Disclaimer
- This is not a post about avoiding cost cutting.
- Not about paying lip service to cost cutting.
- Not about hostage situations (we’ve come this far, you have to give us more money)
- This is also not aimed at extremely agile organisations that have active executive engagement with delivery teams, they’re the lucky ones.
- It’s also not aimed at organisations that have a “courageous executive” supporting an agile approach to delivery. Again, they’re relatively lucky.
Basic Admin
Determine your team’s annual run rate – most likely it’s the
base cost to employ your team for a year. Can be awkward if you’re a contractor
and have permanent members of staff in your team, but there’s usually a way.
Many organisations have either a median cost figure for an “average employee”
or a mid-band figure for each employee grade. Make sure you factor in holidays.
It is vital that “team” in this context is the full cross
functional team. It makes far less sense to reduce headcount of just one or two
roles. By reducing the team skill capacity “relatively evenly”, you reduce the
chances that you make a fatal cut. The corollary to this, is if your team is
significantly unbalanced when compared to the work they deliver, then consider
a rebalancing exercise first.
It’s pessimistic, but reliable to assume that all the other
“overhead” costs associated with project execution will remain unaffected.
Given the likely conditions, being able to reduce the non-value-add-overheads
would be something outside your sphere of influence.
Convert your cost cutting target into an equivalent team
burn rate. This gives you an indication of how much smaller your team has to be
in order for you to fit within the requested cost envelope.
Your most expensive people are usually more experienced.

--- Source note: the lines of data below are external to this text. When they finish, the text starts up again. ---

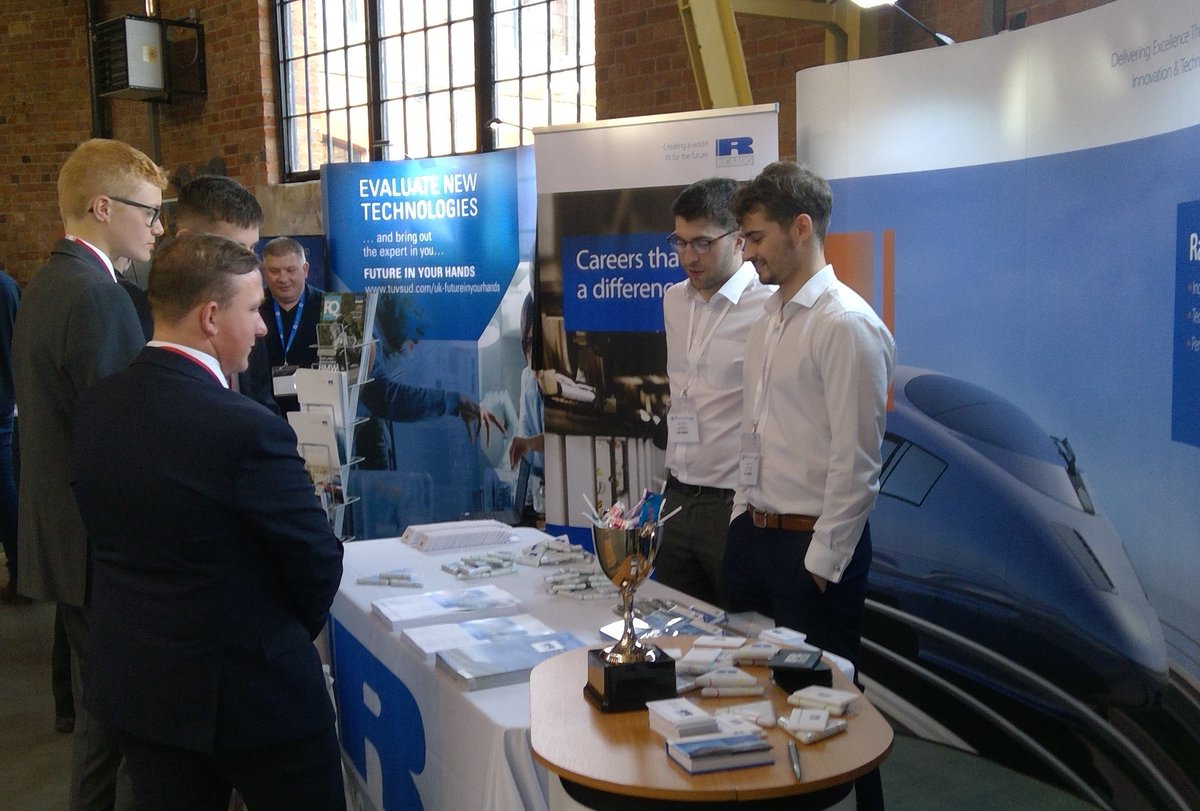 Lots of careers advice for pupils at the Apprentice Engineer Show in Derby today...and a chance to try out their F1 racing skills! #aReptonStory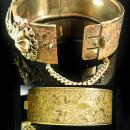 Victorian Bracelet GORGEOUS Guilloche enamel LAYERED hinged bracelet ornate Vintage Wedding bangle with original chain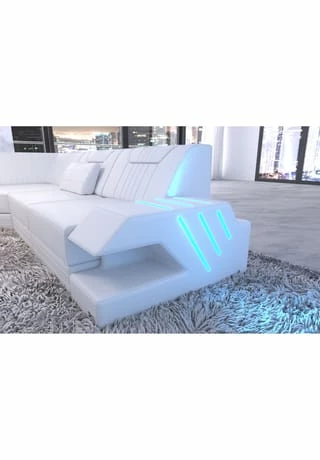 SOFA DREAMS XXL Wohnlandschaft Leder Venedig Weiß 2 SOFA DREAMS XXL Wohnlandschaft Leder Venedig Weiß – Bild 2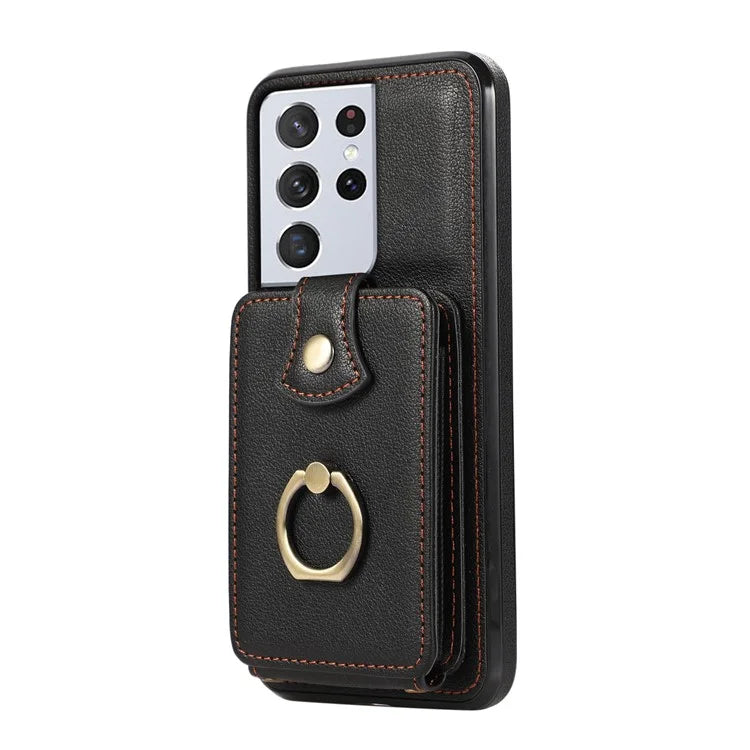 For Samsung Galaxy S21 Ultra 5G Case Card Holder Kickstand TPU+PU Leather Phone Cover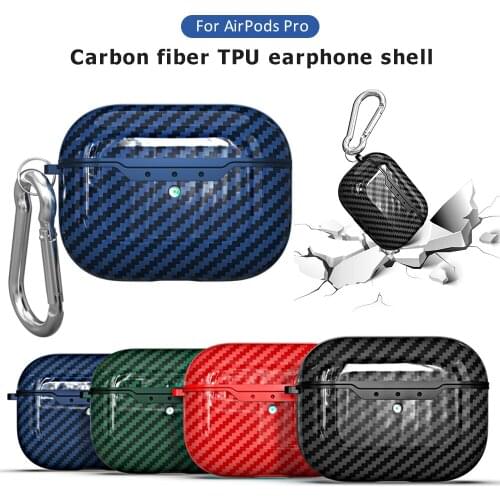 For AirPods Pro Case Carbon Fiber TPU Case for airpods pro 2 1 gen case protective cover for Airpods pro 2 coque shell with hook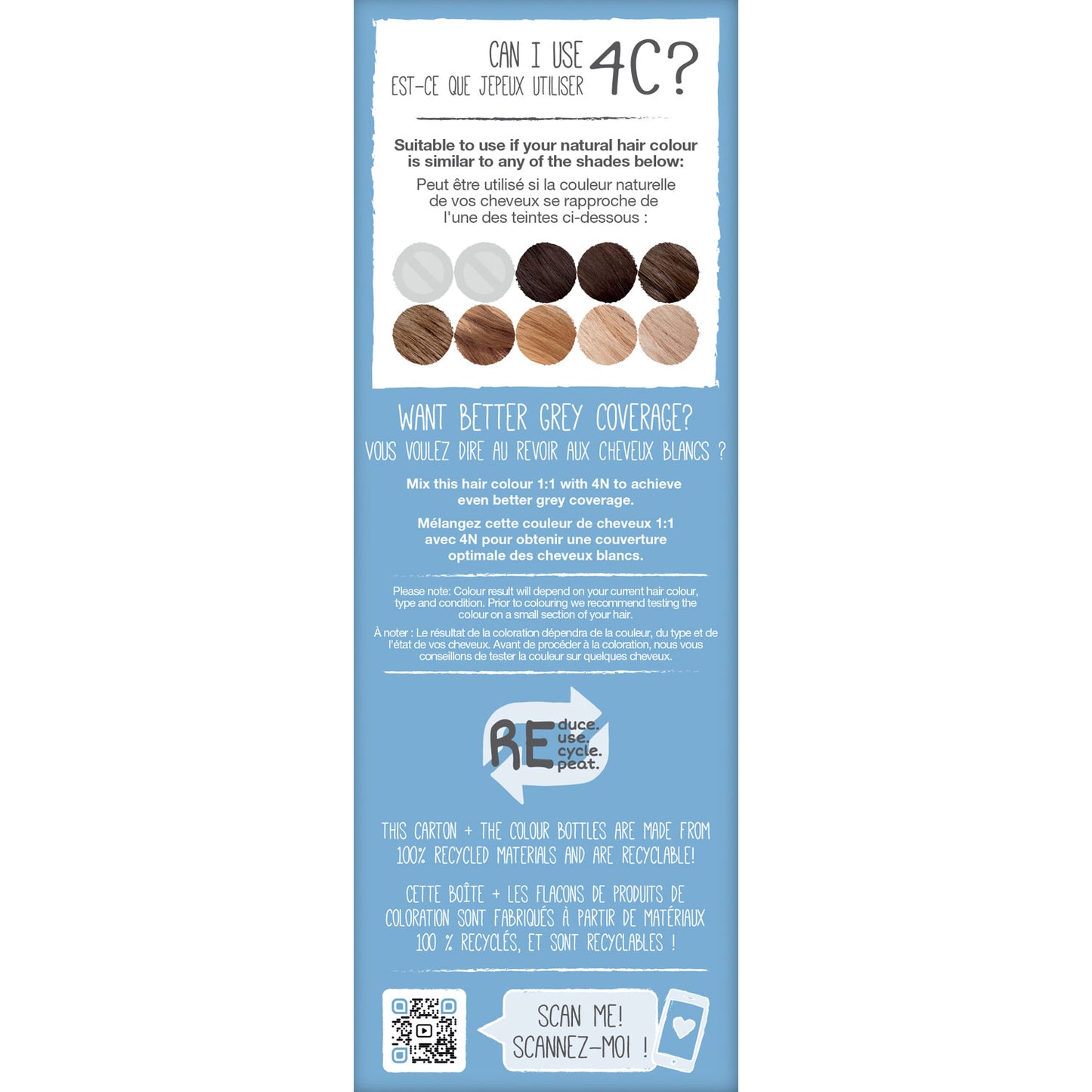 4C Medium Ash Brown Permanent Hair Dye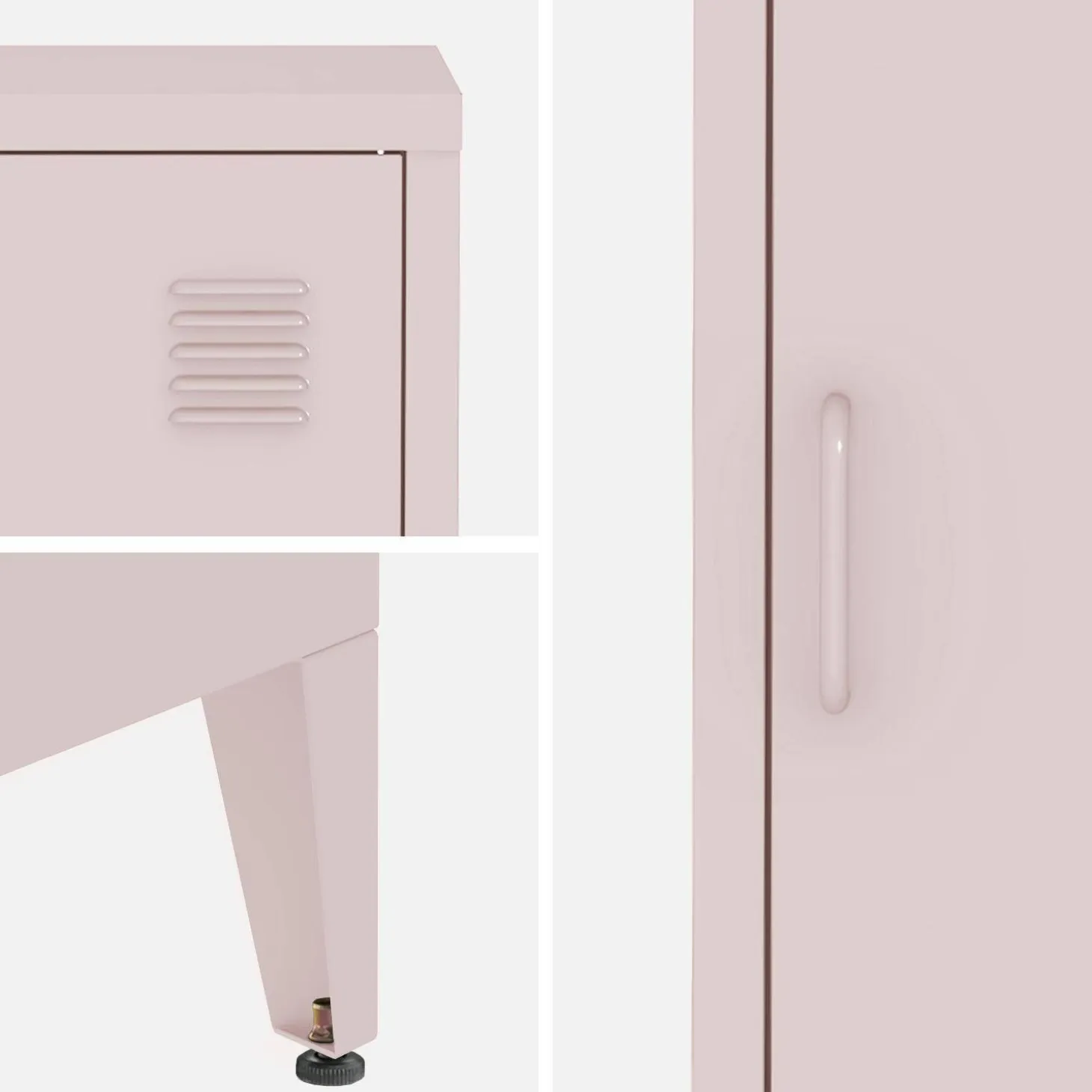 Set of 2 industrial bedside tables, 1 door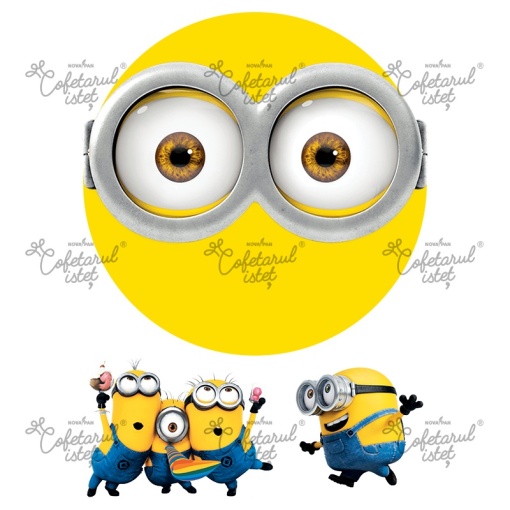 Печатни вафли Minioni Minioni Model 2, Ø 20 cm и 2 декорации 7 - 8 cm, A4 - Сладкарски изделия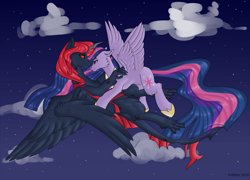 Size: 4079x2933 | Tagged: safe, artist:failure, imported from derpibooru, twilight sparkle, oc, oc:king phoenix embers, alicorn, pony, commission, female, flight, flying, male, mare, night, red changeling, sfw, stallion, twilight sparkle (alicorn), ych result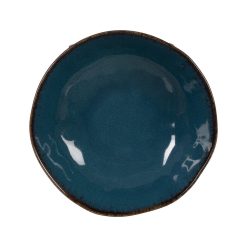 Prato Fundo Azul Stoneware Cozinha 20 X 20 X 5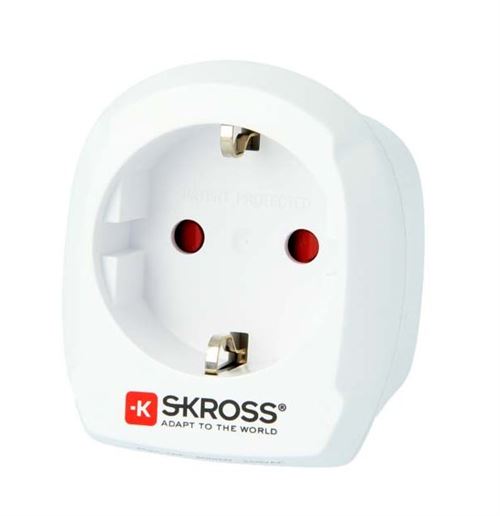 Adaptateur secteur Skross Europe vers Royaume-uni blanc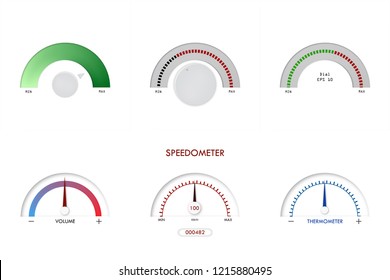 speedometer, sensor, indicator, thermometer vector illustration dashboard panel measurement sign dial gas big set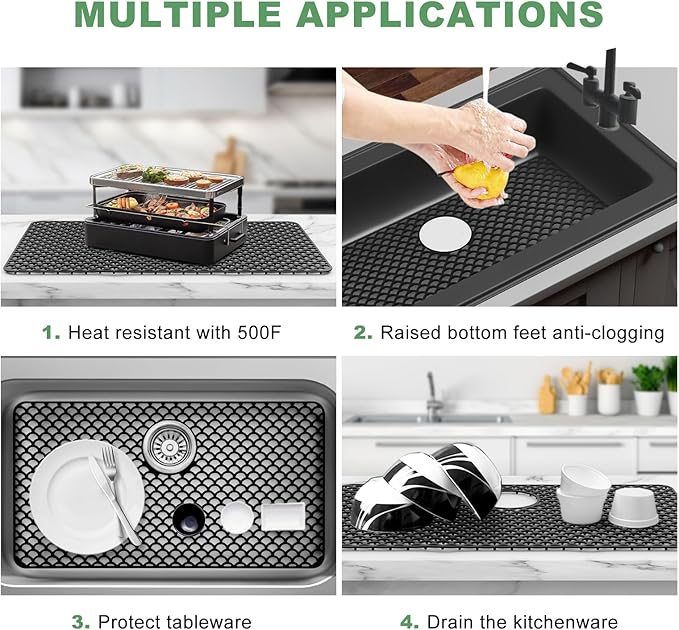 Sink Protectors for Kitchen Sink - Large 28.4"x 15" with Rear Drain Hole Heat Resistant Easy Clean Non-slip Silicone Kitchens Sinks Mat for Bottom of Kitchen Sinks Stainless Steel(Black)-72x38CM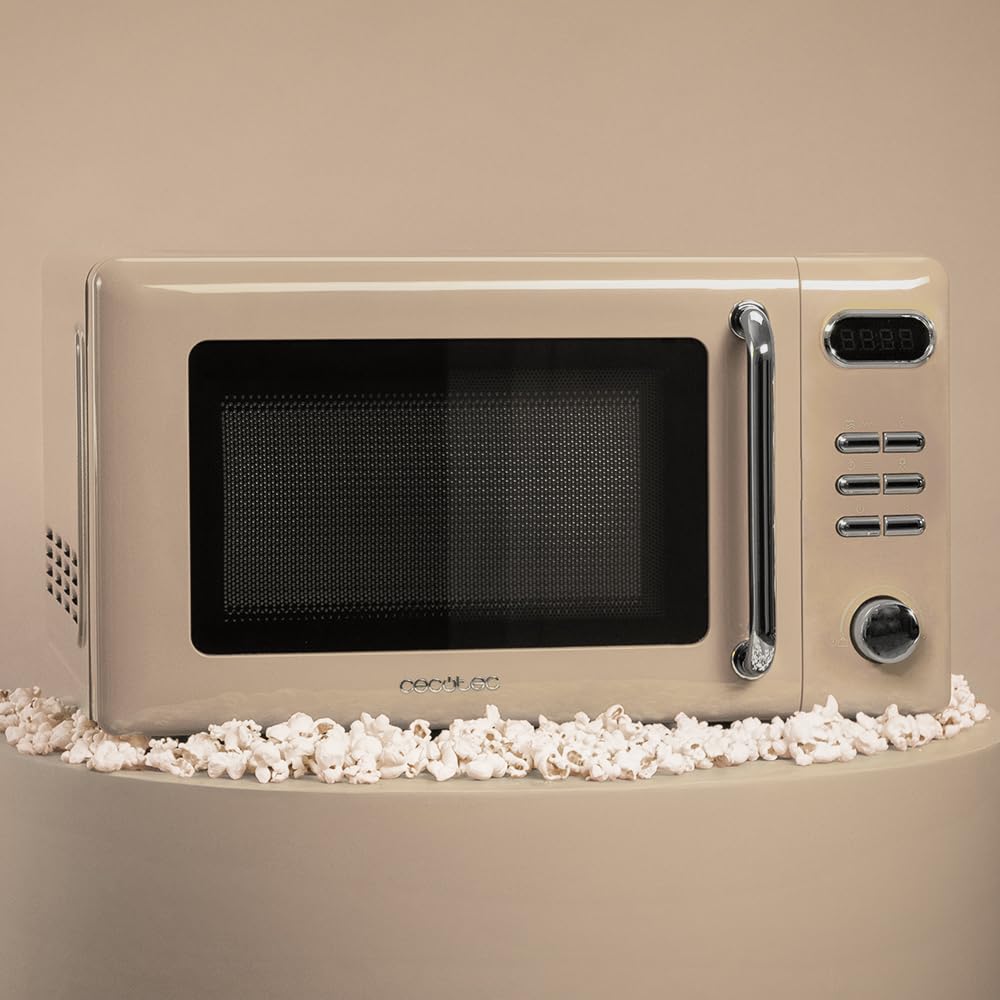 Cecotec Proclean 5110 20L Retro Beige 700W 5 Level Digital Microwave with Grill - 60 Minutes Timer - 8 Programmes and Defrost Mode - Vintage Beige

Therefore, it’s reasonable to assume that your pared down team will not be as
capable, and therefore will increase the rate that errors are produced. You
have a trade-off decision to make – accept the lower quality output or
sacrifice some of your (reduced) “volume output” to maintain your quality
levels.
The most significant factor (for me) in making this decision, is how long that system / component needs to be changed/developed. For example a single use component that will only be used for 3 months (i.e. disposable) can be generally tolerated with a significantly lower quality than a system that needs to regularly evolve over a period of a decade. Lehman’s Laws of Software Evolution are worth revisiting for inference.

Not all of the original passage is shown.